LinkedIn: Training AI on your content
Data, AI, consent. We’ve hit a point where more and more companies use your content to enrich themselves, often without asking first.
This time it’s LinkedIn, one of the largest job-search platforms. Starting November 3, 2025, LinkedIn will use profile details, posts, and feed activity to train its AI models (including models that support personalized ads).
And if you’re reading this here, you can guess why: instead of asking clearly and letting you choose, LinkedIn flipped the switch for you. The toggle for “Use my data for training content creation AI models” is on by default, a classic Preselection dark pattern.
How to opt out
1. Open Settings & Privacy in LinkedIn.
2. Go to the Data privacy section.
3. Open Data for Generative AI Improvement
4. Turn off the option to use your data to train generative AI models.

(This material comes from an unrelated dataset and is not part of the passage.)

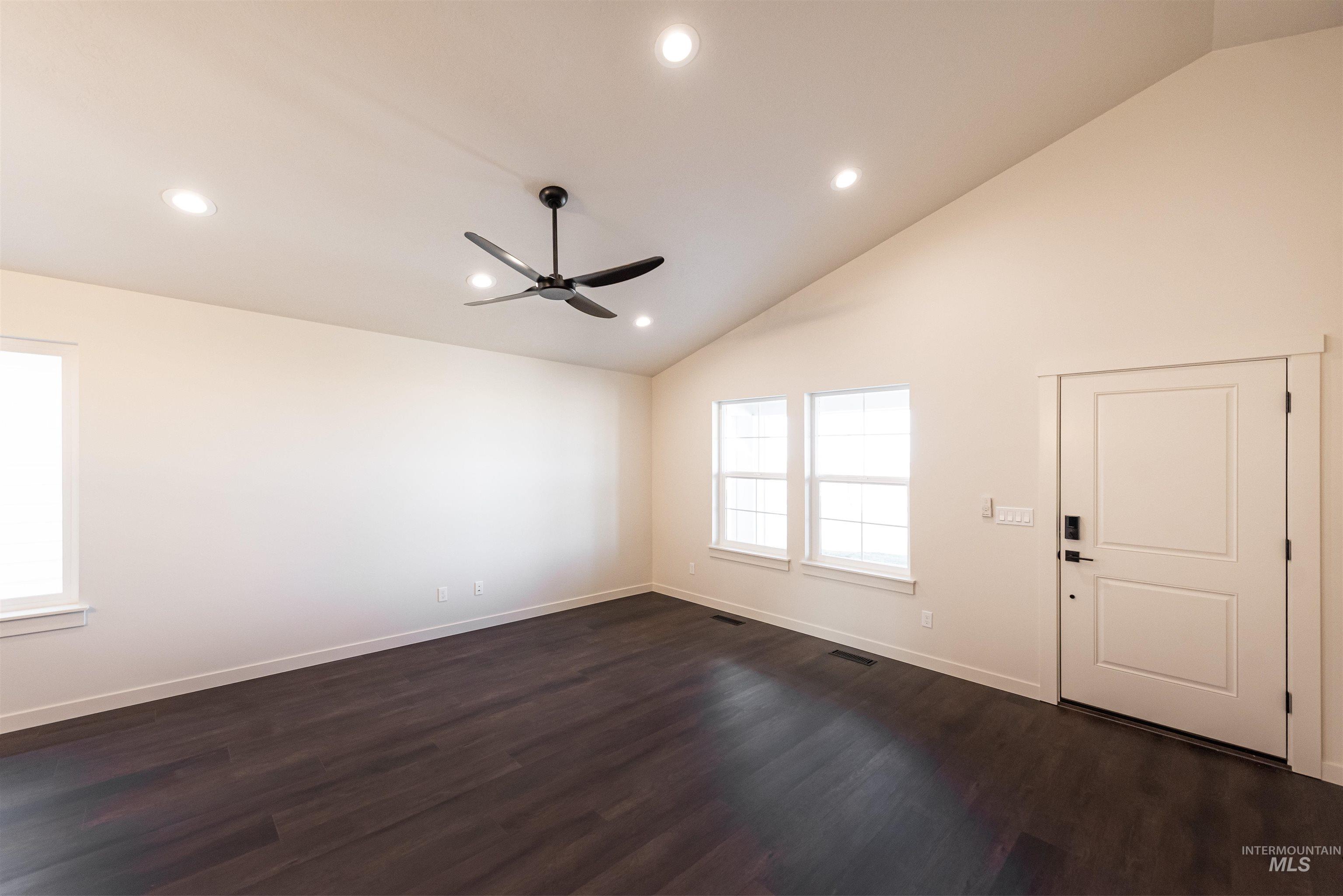 Entrance foyer with dark wood-type flooring, a ceiling fan, recessed lighting, and high vaulted ceiling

Unchecking that setting opts you out of LinkedIn and its affiliates using your personal data and the content you create on LinkedIn to train their generative AI models.
LinkedIn made “use my data to train AI” the default. That’s not consent. If a platform wants your data, it should ask clearly, in the moment, with the switch off by default. This isn’t a one-off mistake; it’s the same old playbook: make data sharing opt-out, hide it deep, count on people not noticing. LinkedIn’s just the latest to try it.